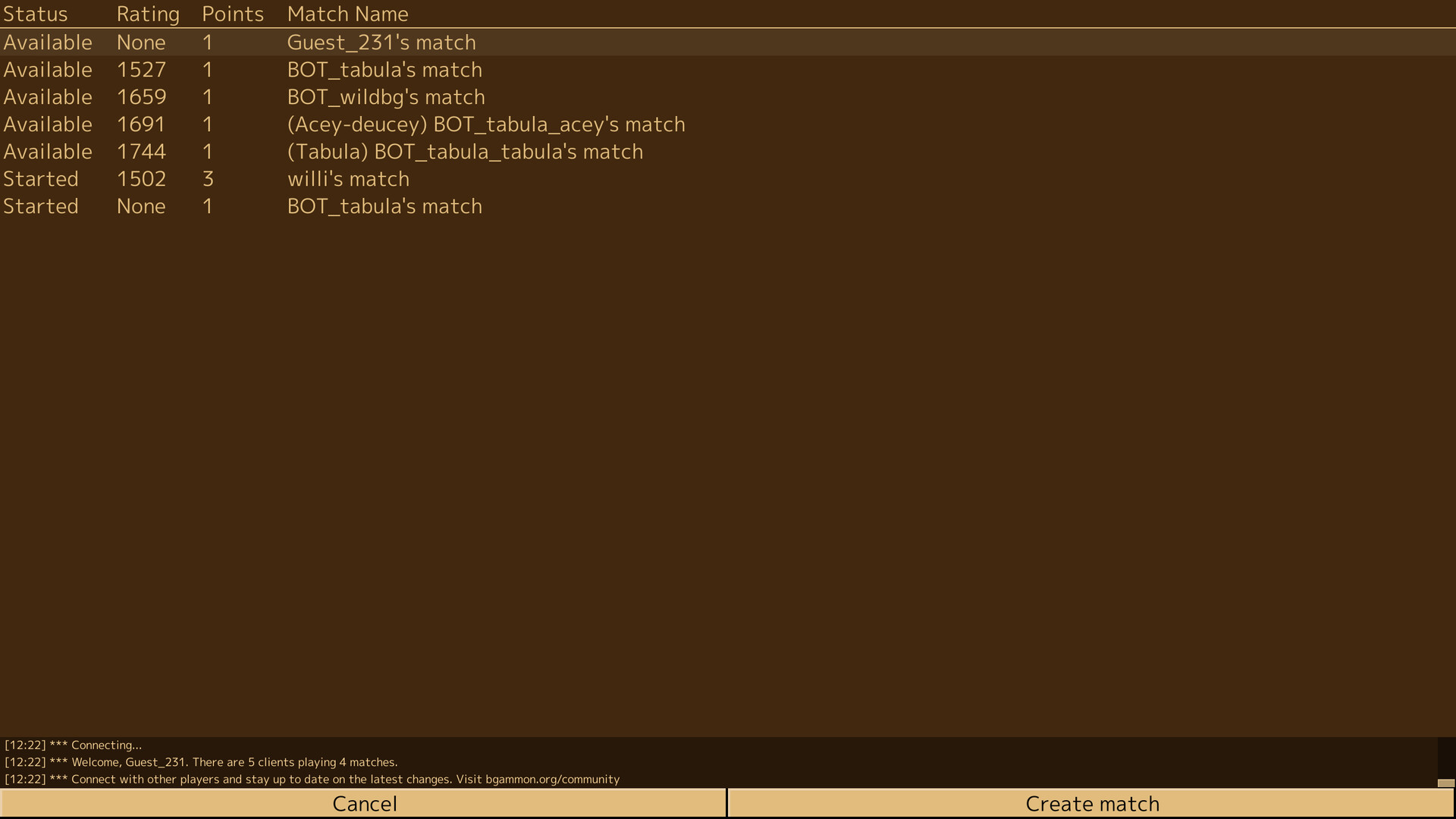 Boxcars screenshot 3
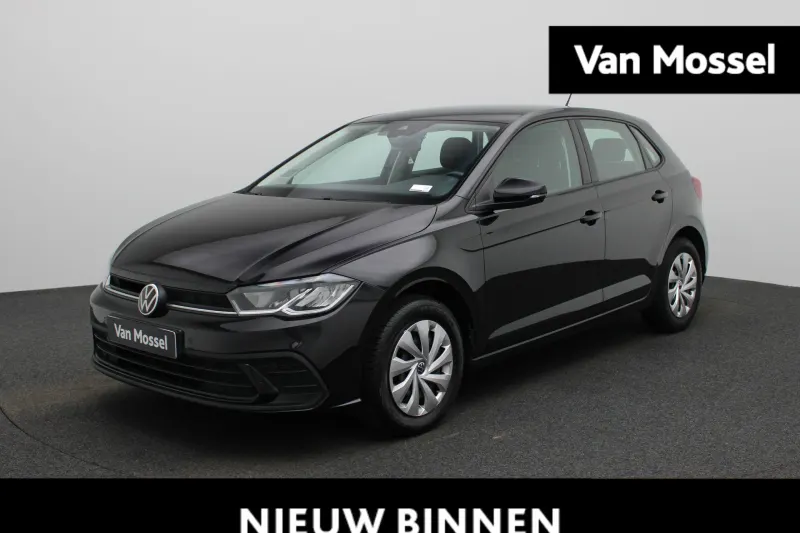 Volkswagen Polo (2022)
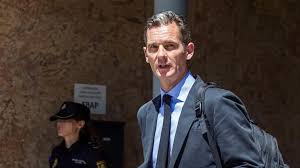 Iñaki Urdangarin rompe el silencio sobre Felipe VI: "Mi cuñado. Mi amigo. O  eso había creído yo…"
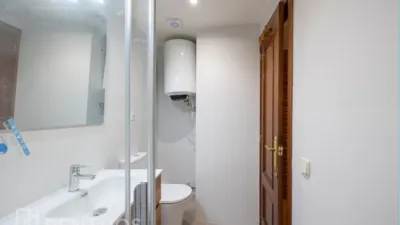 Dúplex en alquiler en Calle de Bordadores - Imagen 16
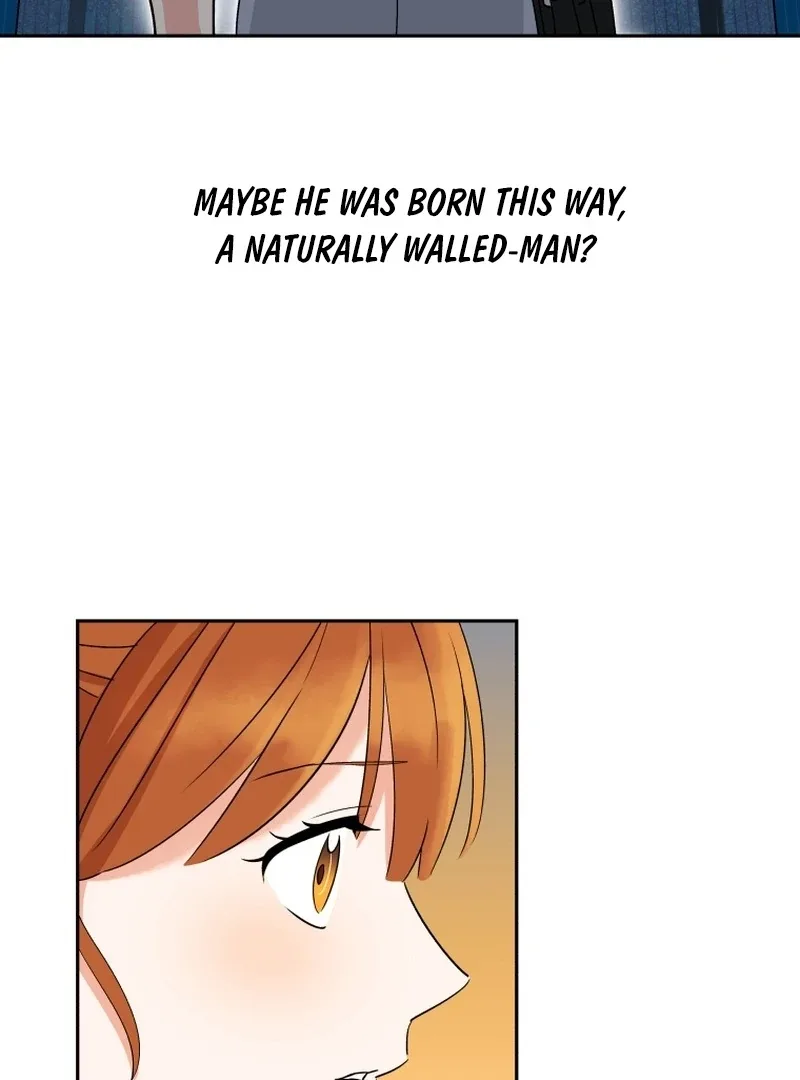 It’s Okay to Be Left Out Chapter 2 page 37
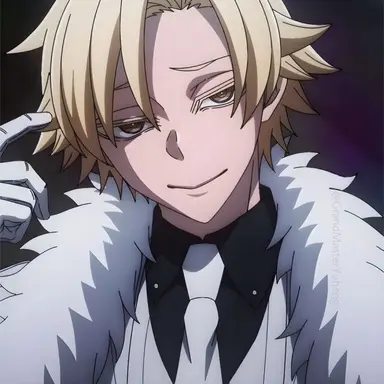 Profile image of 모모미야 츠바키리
==
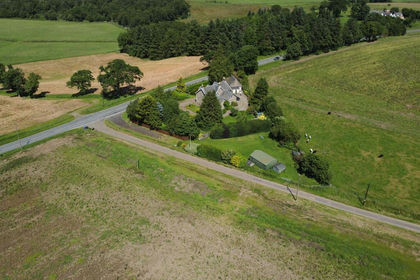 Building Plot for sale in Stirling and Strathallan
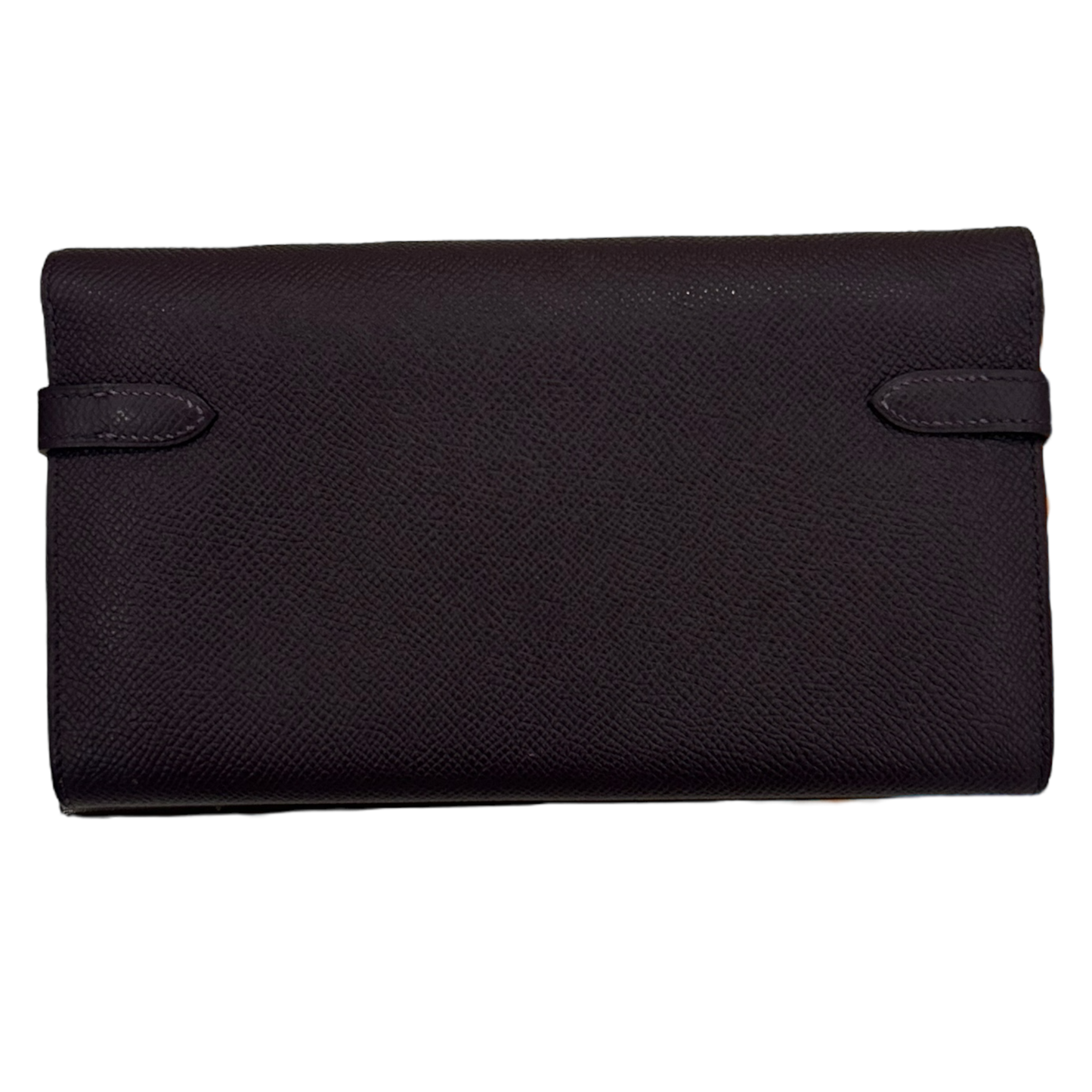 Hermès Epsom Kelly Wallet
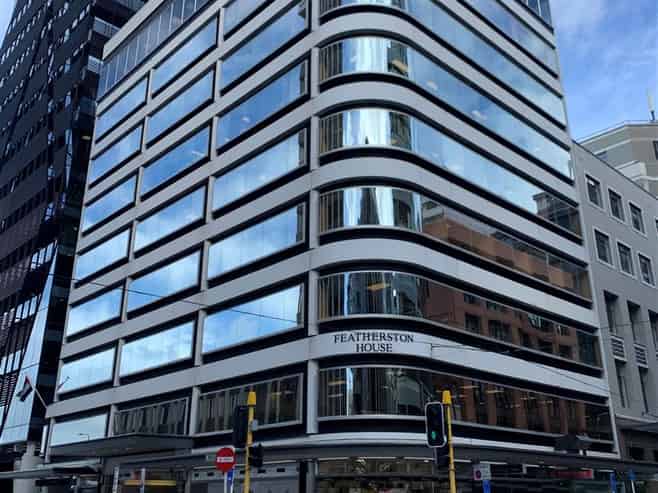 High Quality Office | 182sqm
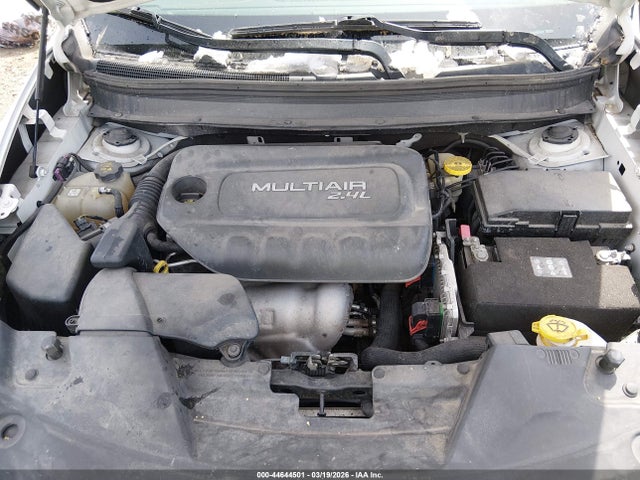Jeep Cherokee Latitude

**REQUIREMENT**
Transcribe only this stretch of the data: the line with "Building Plot for", the line with "Jeep Cherokee Latitude", and every line in between. Leave out the pictures.

**SOLUTION**
 Building Plot for sale in Stirling and Strathallan
 Hermès Epsom Kelly Wallet
 High Quality Office | 182sqm
Jeep Cherokee Latitude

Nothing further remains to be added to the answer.